Meskipun sedikit complicated (temennya temenku), hahaha, tapi pada akhirnya tetap berujung kami yang saling terkoneksi satu sama lain. Atau tiba-tiba teman saya di Jogja bertanya "kenal sama si C nggak? kemarin aku ketemu waktu tes kerja. dia dari Undip katanya" Ya iyalaah, dia temen saya sejurusan, seangkatan pula -_-
Beberapa waktu kemudian teman yang sama tiba-tiba wa saya, "aku ketemu lagi nih sama temenmu, si D sama si E. mereka dari sipil sama elektro Undip, katanya temen SMAmu," Teman saya ini lagi proses tandatangan kontrak setelah dinyatakan lolos dari tes kerja yang diikutinya kemarin. Dan sebenernya masih banyak kejadian yang bikin saya berucap "dunia sempit ya"
Tentang pertemuan yang tiba-tiba juga begitu. Dulu, setiap pulang naik kereta dari Jakarta ke Semarang atau sebaliknya, sering banget ketemu sama orang-orang yang entah sudah kenal baik atau sekadar kenal saja. Herannya, dari sekian banyak orang yang ada di stasiun atau dari sekian banyak pilihan jadwal pulang kenapa bisa pas ketemu gitu ya sama mereka. Kalau kata Gusti Allah, "Tentang pertemuan, tidak ada yang kebetulan. Semua sudah digariskan pada rencana Tuhan"
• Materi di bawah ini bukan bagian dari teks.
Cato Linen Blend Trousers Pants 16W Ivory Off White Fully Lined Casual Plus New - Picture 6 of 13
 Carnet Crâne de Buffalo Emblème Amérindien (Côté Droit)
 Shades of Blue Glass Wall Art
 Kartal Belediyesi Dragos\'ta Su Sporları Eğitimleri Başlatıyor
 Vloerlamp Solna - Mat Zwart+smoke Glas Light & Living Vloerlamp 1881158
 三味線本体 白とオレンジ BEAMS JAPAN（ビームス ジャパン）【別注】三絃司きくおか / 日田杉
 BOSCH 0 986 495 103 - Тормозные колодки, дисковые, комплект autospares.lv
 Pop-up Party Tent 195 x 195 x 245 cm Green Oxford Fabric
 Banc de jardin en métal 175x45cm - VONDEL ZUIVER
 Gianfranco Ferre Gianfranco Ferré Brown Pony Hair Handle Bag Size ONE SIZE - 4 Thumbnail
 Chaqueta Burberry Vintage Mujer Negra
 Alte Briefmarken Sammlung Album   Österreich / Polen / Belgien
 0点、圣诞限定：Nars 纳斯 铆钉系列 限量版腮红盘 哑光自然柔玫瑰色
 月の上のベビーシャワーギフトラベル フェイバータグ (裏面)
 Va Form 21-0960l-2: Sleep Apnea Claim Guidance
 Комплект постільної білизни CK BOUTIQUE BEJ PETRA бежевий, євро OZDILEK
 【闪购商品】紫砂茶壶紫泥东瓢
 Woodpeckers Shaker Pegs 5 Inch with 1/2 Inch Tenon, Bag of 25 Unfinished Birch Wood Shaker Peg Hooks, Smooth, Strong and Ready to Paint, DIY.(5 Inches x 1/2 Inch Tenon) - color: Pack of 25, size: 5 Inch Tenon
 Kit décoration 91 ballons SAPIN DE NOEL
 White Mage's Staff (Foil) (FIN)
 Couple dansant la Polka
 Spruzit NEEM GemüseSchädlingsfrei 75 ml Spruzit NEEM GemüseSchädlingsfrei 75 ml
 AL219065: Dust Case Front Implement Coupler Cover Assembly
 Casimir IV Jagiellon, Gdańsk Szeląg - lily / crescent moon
Suatu ketika, saya dalam perjalanan balik dari Semarang ke Jakarta dengan seorang teman SMA menggunakan kereta ekonomi *jangan tanya kenapa, biar ekonomis aja* Berhubung naiknya kereta ekonomi, duduknya pun harus hadap-hadapan sama penumpang di depan, dengan model kursi tegak lurus alias 90 derajat menopang punggung *pegel mameeen* Seperti biasa, awal perjalanan sebelum ngantuk saya rumpi cerita-cerita cantik dulu sama teman saya ini. Topiknya tentu saja tentang nostalgila SMA karena kami satu sekolah. Setelah beberapa waktu bercakap-cakap, tiba-tiba mas-mas di depan saya memotong pembicaraan, "mbak boleh gabung nggak? saya alumni sma 3 juga loh, angkatan xx (angkatan 90an gitu deh saya lupa)" Saya dan teman saya shock, berarti dari tadi kami ngobrol seenak jidat mas-mas ini ngerti dong -_-
Mas-mas di depan ini kemudian bercerita bahwa dirinya sedang dinas di Jakarta. Sebagai seorang TNI, dirinya harus LDR dengan istrinya yang seorang dosen Fakultas Kedokteran Unisula Semarang, yang ternyata teman SMA-nya juga -_- Jadilah kami ngobrol ngalor ngidul bertiga. "dek, dapet salam si F, si G, dll (teman-teman seangkatan saya di SMA). Saya dulu paskibra, jadi masih sering kontak-kontakan sama mereka di grup BB" kata mas-mas satu almameter yang saya lupa namanya itu. Alhamdulillah, kecanggihan teknologi bisa mendekatkan yang jauh. Semoga nggak menjauhkan yang dekat :p
Pertemuan yang mengejutkan lagi-lagi terjadi pada saat saya lagi nunggu kereta di Gambir. Saya yang kehabisan tiket mudik Lebaran, akhirnya harus nongkrong sendirian di Stasiun Gambir menunggu jadwal keberangkatan kereta saya. Di saat lagi duduk-duduk dan mencoba menyibukkan diri sendirian dengan baca-baca biar nggak keliatan kayak anak ilang di stasiun, tiba-tiba ada sosok wanita sebaya yang lagi seret-seret koper berisik di depan saya. Saya mendongak, dia lihat ke arah saya, saya lihat ke arah dia, kami lihat-lihatan untuk beberapa detik. Sampai akhirnya kami kompakan tertawa sambil berkata, "kok bisa ya ketemu di sini," Ternyata lagi-lagi pertemuan tanpa rencana dengan si H seorang teman baik semasa kuliah. Setelah itu kami saling bercerita keadaan masing-masing dan apa saja yang terjadi pasca kelulusan *btw, kayak apaan aja yah*, tidak lupa foto selfie alay cantik dulu sebelum akhirnya teman saya berpamitan karena keretanya sudah tiba.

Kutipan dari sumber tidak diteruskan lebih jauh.